### WHAT IS REQUIRED
Output only the lines below from the one holding "Replica Cassowary Skull" down to the one holding "Photo of Nini", both end lines included and every picture dropped.

### DATA EXCERPTS
>>>

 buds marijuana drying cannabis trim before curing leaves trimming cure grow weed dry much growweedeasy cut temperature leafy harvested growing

<<<
>>>

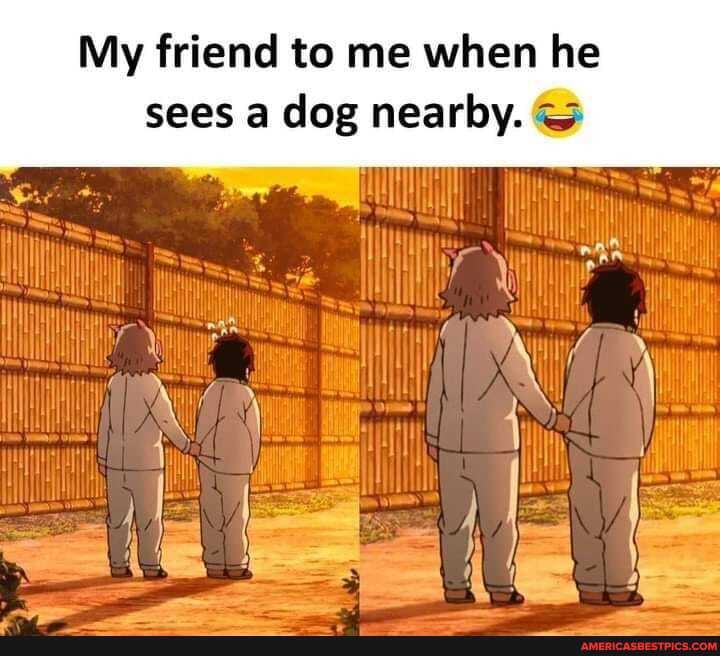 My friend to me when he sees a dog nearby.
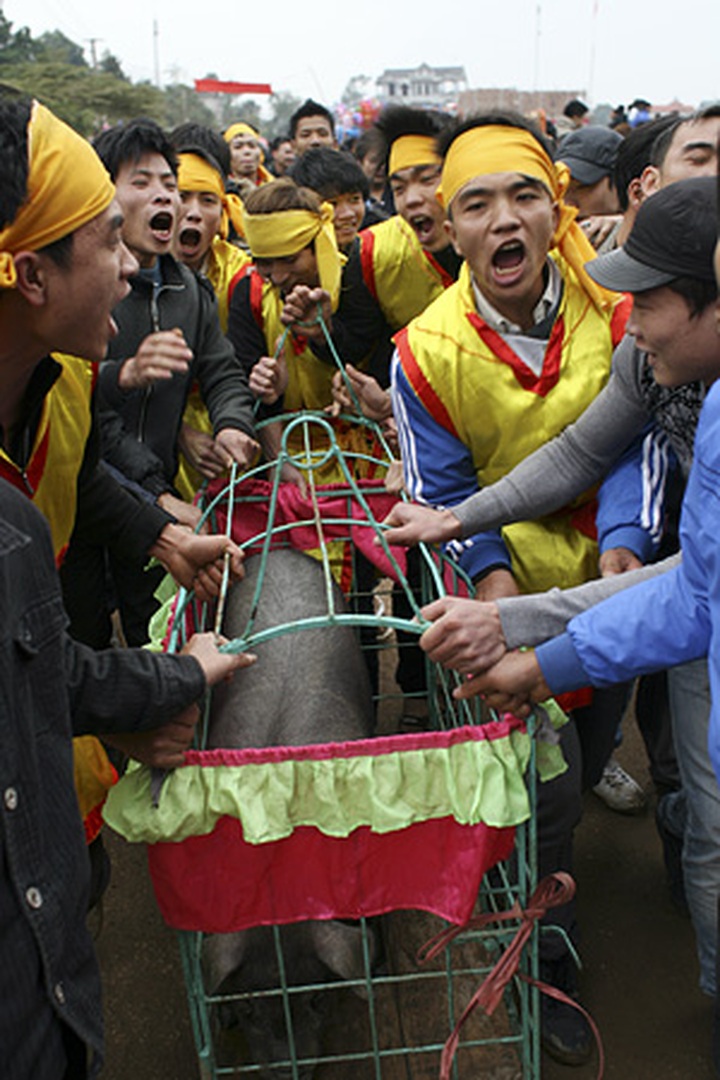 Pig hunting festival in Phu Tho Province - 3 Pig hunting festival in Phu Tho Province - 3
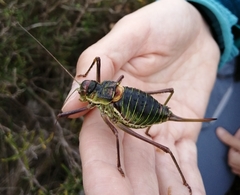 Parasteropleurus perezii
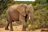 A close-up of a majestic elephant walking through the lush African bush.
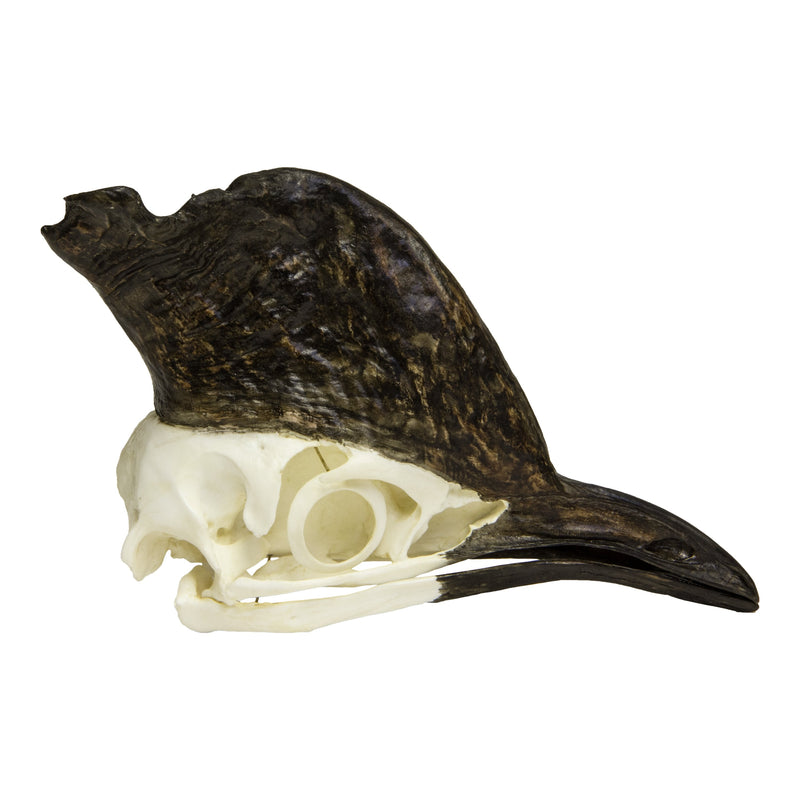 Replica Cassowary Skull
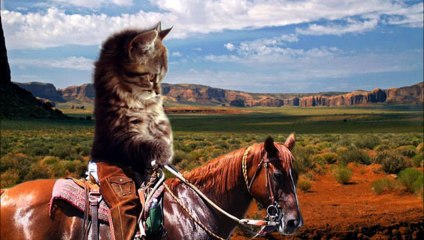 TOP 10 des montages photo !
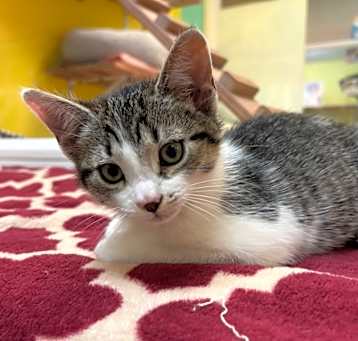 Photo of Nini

<<<

### RESPONSE AREA
 Replica Cassowary Skull
 TOP 10 des montages photo !
 Photo of Nini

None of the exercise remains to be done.